Claude Code Plugins

Community-maintained marketplace

Feedback

content-ingestion

@boringdata/kurt-demo
0
0

Ingest web content into Kurt. Map sitemaps to discover URLs, then fetch content selectively.

Install Skill

1Download skill
2Enable skills in Claude

Open claude.ai/settings/capabilities and find the "Skills" section

3Upload to Claude

Click "Upload skill" and select the downloaded ZIP file

Note: Please verify skill by going through its instructions before using it.

SKILL.md

name content-ingestion
description Ingest web content into Kurt. Map sitemaps to discover URLs, then fetch content selectively.

Content Ingestion

Overview

This skill enables efficient web content ingestion with a map-then-fetch workflow. Discover URLs from sitemaps first, review what was found, then selectively download only the content you need. Supports single document fetching and fast parallel batch downloads.

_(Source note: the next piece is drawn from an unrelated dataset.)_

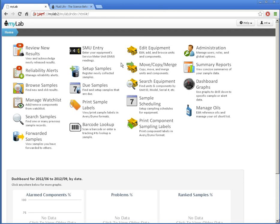Hello, in this video I'm going to show you some advanced sample registration features in FluidLife's MyLab. I recommend that you've watched the register samples for mobile or fixed equipment first, as this builds on that.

Content is extracted as markdown with metadata (title, author, date, categories) and stored in the sources/ directory.

Quick Start

# 1. Discover URLs from sitemap (fast, no downloads)
kurct content map https://www.anthropic.com

# 1a. OR discover with publish dates (slower, extracts dates from blogrolls)
kurct content map https://docs.getdbt.com/sitemap.xml --discover-dates

# 2. Review what was found
kurt content list --status NOT_FETCHED

# 3. Fetch content (parallel batch)
kurct content fetch --url-prefix https://www.anthropic.com/

Map-Then-Fetch Workflow

Why two steps?

  • Sitemaps often contain hundreds or thousands of URLs
  • Map step is fast (no downloads) - lets you review before committing
  • Fetch step is slow (downloads + extraction) - run selectively
  • Saves time, bandwidth, and storage

Three-step process:

  1. Map: Discover URLs and create NOT_FETCHED records
  2. Review: Examine discovered URLs using document management commands
  3. Fetch: Download content selectively (single or batch)

Integration with Iterative Source Gathering

When invoked from /create-project or /resume-project, use map-then-fetch to provide preview:

  1. Map first - Show user what URLs were discovered

    kurct content map https://docs.example.com
    echo "Discovered X URLs. Preview:"
    kurt content list --url-prefix https://docs.example.com --status NOT_FETCHED | head -10
    
  2. Get approval - Ask if user wants to fetch all or selective

    Found 150 URLs from docs.example.com
    
    Preview (first 10):
    1. https://docs.example.com/quickstart
    2. https://docs.example.com/api/authentication
    ...
    
    Fetch all 150 pages? Or selective? (all/selective/cancel)
    
  3. Fetch approved content

    # If all:
    kurct content fetch --url-prefix https://docs.example.com
    
    # If selective (user specifies path pattern):
    kurct content fetch --url-prefix https://docs.example.com/api/
    

This provides Checkpoint 1 (preview) for the iterative source gathering pattern.

Core Operations

Map Sitemap URLs

Discover URLs from sitemaps without downloading content.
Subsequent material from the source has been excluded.